The APC presidential candidate, Bola Tinubu, gave that grab-seize-and-run order last week. Tinubu, in a video recorded in London, is shown telling a gathering of APC leaders and supporters that, “Political power is not going to be served in a restaurant. It is not served a la carte. At all costs, fight for it, grab it, snatch it and run (away) with it.” That is a new addition to power rhetoric. I’ve heard and read “real power is not given, it is taken.” There is also the phrase: “power wears out those who don’t have it.” Both are uttered in the film, ‘Godfather III’. The Godfather’s creator was too self-restraining and temperate to use ‘snatch’ and ‘run.’ I watched and listened to the Tinubu video one, two, three times and couldn’t close my mouth. The man waxed sure-footedly audacious. The video is viral online. He has not denied being the one in it. What Tinubu said is, however, not exclusive to him and his party. It is a frothing broth on all fires; a conversation that straddles nights and days in all political parties and circles. The year 2023 is about snatching and running. They all plan it. The APC candidate was only caught saying it because he was too big to care; he was careless.

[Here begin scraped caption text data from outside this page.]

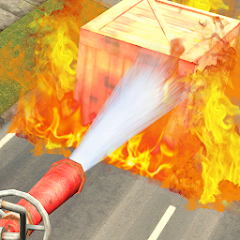 Fireman Rush 3D 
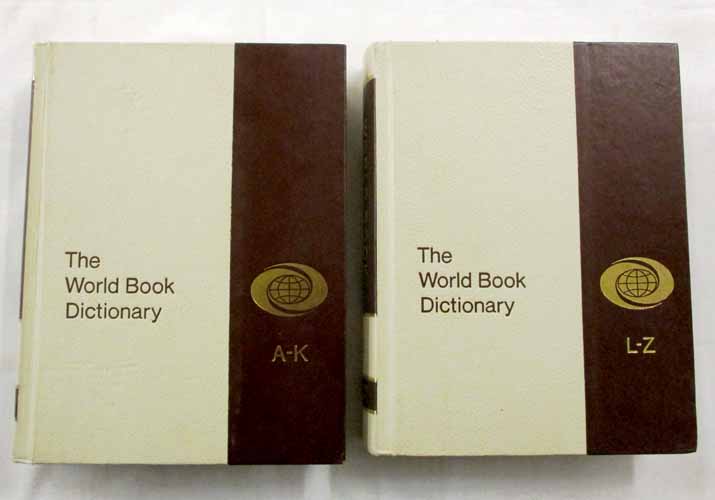 world book dictionary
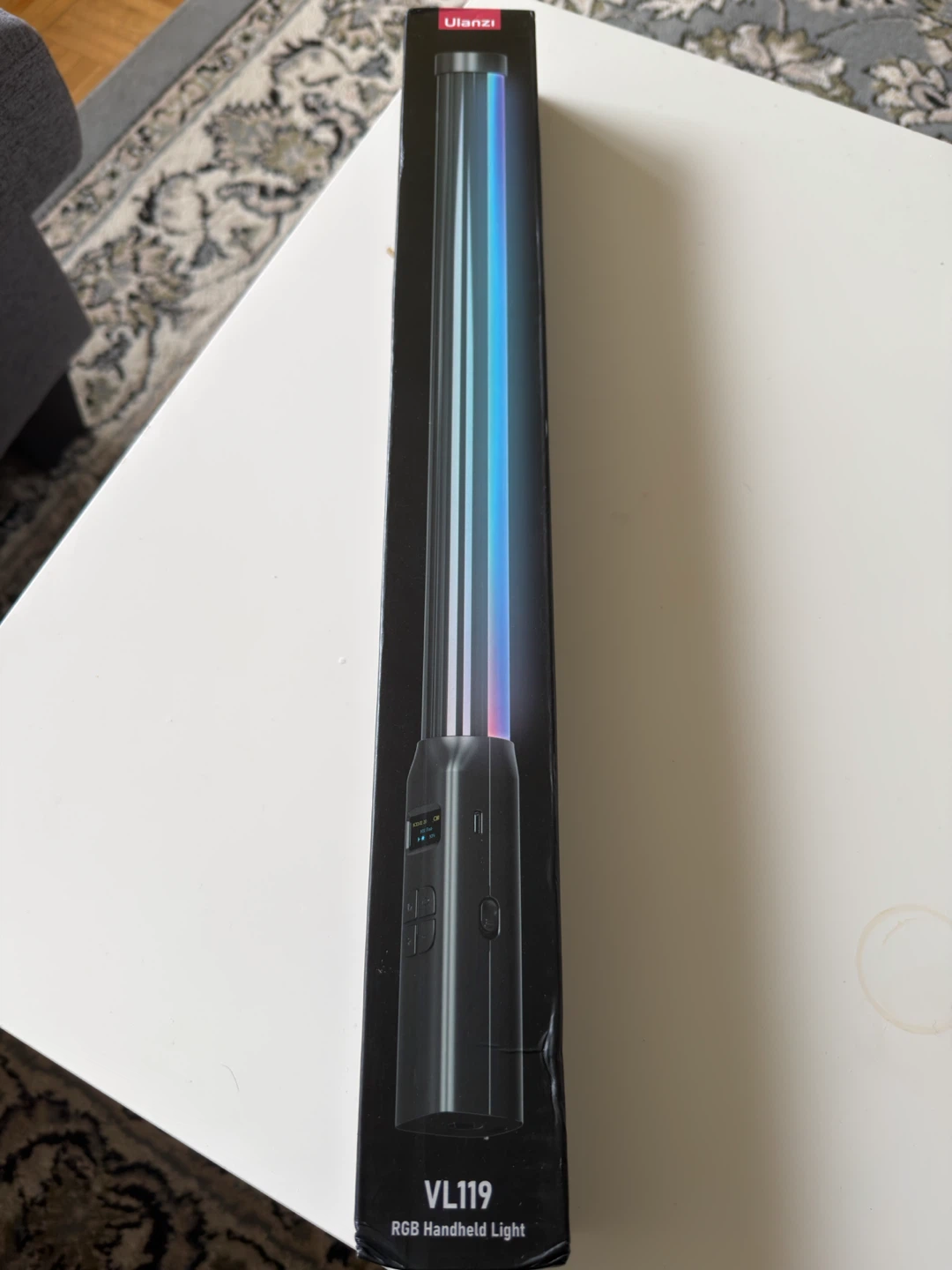 Ulanzi VL119 RGB Handheld Light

Snatching, grabbing and running away with election victory and ‘power’ are acts of coup making. Snatchers must never be offered a seat in a democracy. But across all parties, the resolve to “snatch it” is palpable. In the South-West, they call it jágbà – the literal translation is what the APC warlord said in London: the entire statement, the three sentences. Democracy dies where politicians become so powerfully self-assured that they know (and say it) that they will be elected even if the whole world says no. That scenario sounds Hitleric. It was Adolf Hitler’s belief – and he espoused it – that ‘the party’ must “not become a servant of the masses, but their master!” Ruling parties get that big in Nigeria – and they constrict and choke the people with it. There was the Northern People’s Congress (NPC) in the first republic; the National Party of Nigeria (NPN) was the people’s master during the second republic; the PDP was the undisguised lord until 2015. The APC is the reigning master of the masses, and its Lordship wields the whip with unpretentious impunity. The party speaks with tones of terror and force. We hear stuff like: “we will win; we have even won. If they like, let them jump into the sea.” Talks like that shame and degrade democracy; they taunt trouble.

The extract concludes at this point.